Foundations of Geovisualization

The 2D Map - CS-GY 6313 - Fall 2025

Claudio Silva

2025-10-24

Foundations of Geovisualization

The 2D Map

Part 1: The Power of Spatial Analysis

John Snow’s 1854 Cholera Map

What is a map for?

  • Analysis
  • Communication

Snow’s Innovation:

  • He didn’t just plot data
  • He used spatial relationships to solve a problem
  • Deaths clustered around the Broad Street pump
  • Had the handle removed → outbreak stopped

John Snow’s Cholera Map showing death locations and water pumps

Historical Milestones in Cartography

Ptolemy’s Geographica (c. 150 AD)

  • Foundation of modern cartography
  • Latitude and longitude coordinate system
  • Over 2000 years of influence

Ptolemy’s World Map

Minard’s Flow Map (1869)

  • Multiple variables in one visualization:
    • Troop size (width)
    • Temperature (bottom scale)
    • Location (geography)
    • Direction (color: tan = advance, black = retreat)
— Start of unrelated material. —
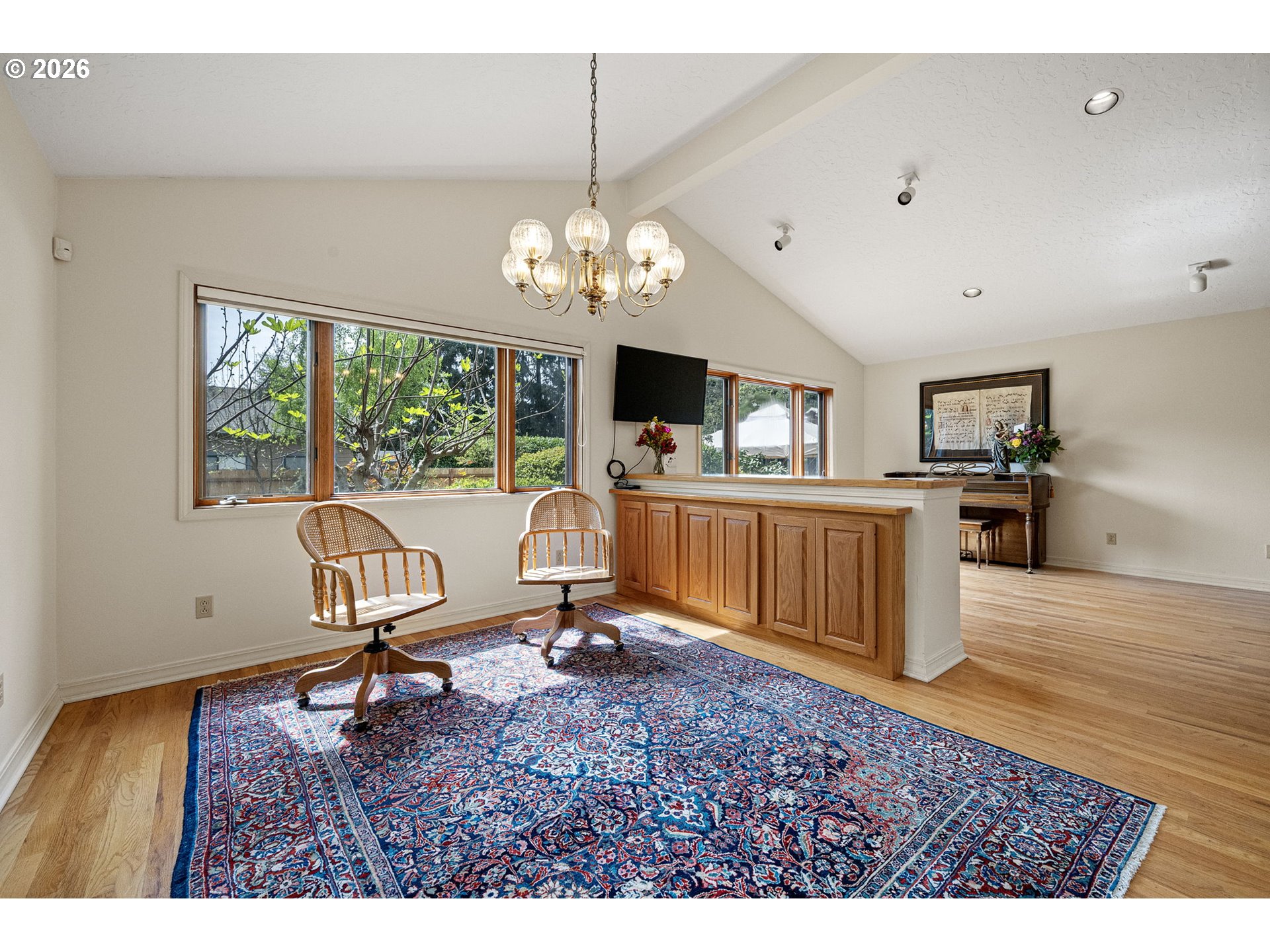 84 Green Lane Eugene, OR 97404 - Photo 18 of 41 a view of a livingroom with furniture a flat screen tv and wooden floor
Minard’s Map of Napoleon’s Russian Campaign

Part 2: When to Use a Map?

The Critical Question

“Not all geographical data should be on a map.”

When is the bar chart better?

  • For ranking and lookup tasks
  • “Which state has the highest sales?”
  • “What are the top 5 states?”

When is the map better?

  • For finding spatial patterns
  • For identifying clusters
  • For understanding geographic relationships
  • “Are sales clustered in the Midwest?”
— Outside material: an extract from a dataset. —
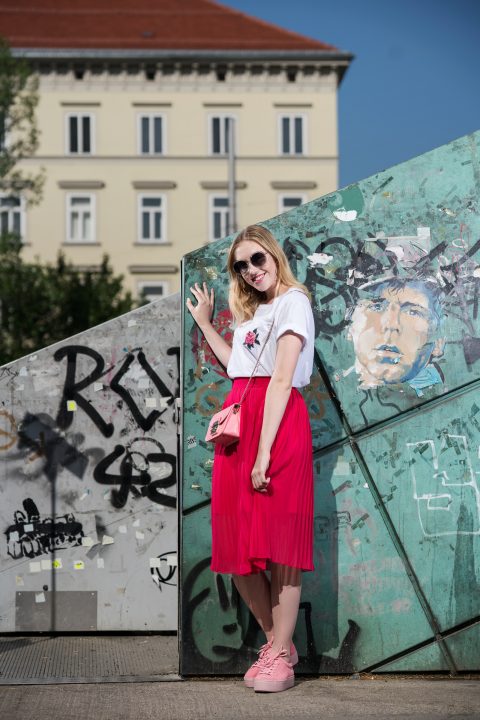 Eine Frau mit Sonnenbrille und weißem T-Shirt steht lächelnd vor einer mit Graffiti bedeckten Wand. Sie trägt einen roten Rock und rosa Schuhe, dazu eine rosa Handtasche. Im Hintergrund sind ein Gebäude und ein klarer blauer Himmel zu sehen.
Map vs. Bar Chart: The Same Data

Map of US states colored by sales value

Better for: Spatial patterns, regional clustering

Bar chart of sales by state, sorted

Better for: Ranking, exact value lookup

Part 3: The Fundamental Problem

Projections: Mapping 3D to 2D

The Challenge:

  • Earth is a 3D sphere
  • Screens and paper are 2D planes
  • You cannot flatten a sphere without distortion

You must choose what to distort:

  • Shape
  • Area
  • Distance

Diagram showing sphere unpeeling onto flat surface

Any 2D map is a lie. The question is: what kind of lie?

Projection Types: What They Preserve

Conformal

Preserves shape & angles

Mercator projection

Use: Navigation (constant compass bearing)

Equal-Area

Preserves relative area

Albers Equal-Area projection

Use: Thematic maps (choropleths)

Equidistant

Preserves distance from center

Azimuthal Equidistant projection

Use: Distance calculations

Tissot’s Indicatrix: Visualizing Distortion

Mercator (Conformal)

Tissot circles on Mercator projection
  • Circles remain circles (shape preserved)
  • But circles get huge near poles (area distorted)

Equal-Area

Tissot circles on equal-area projection
  • Circles become ellipses (shape distorted)
  • But all have same area (area preserved)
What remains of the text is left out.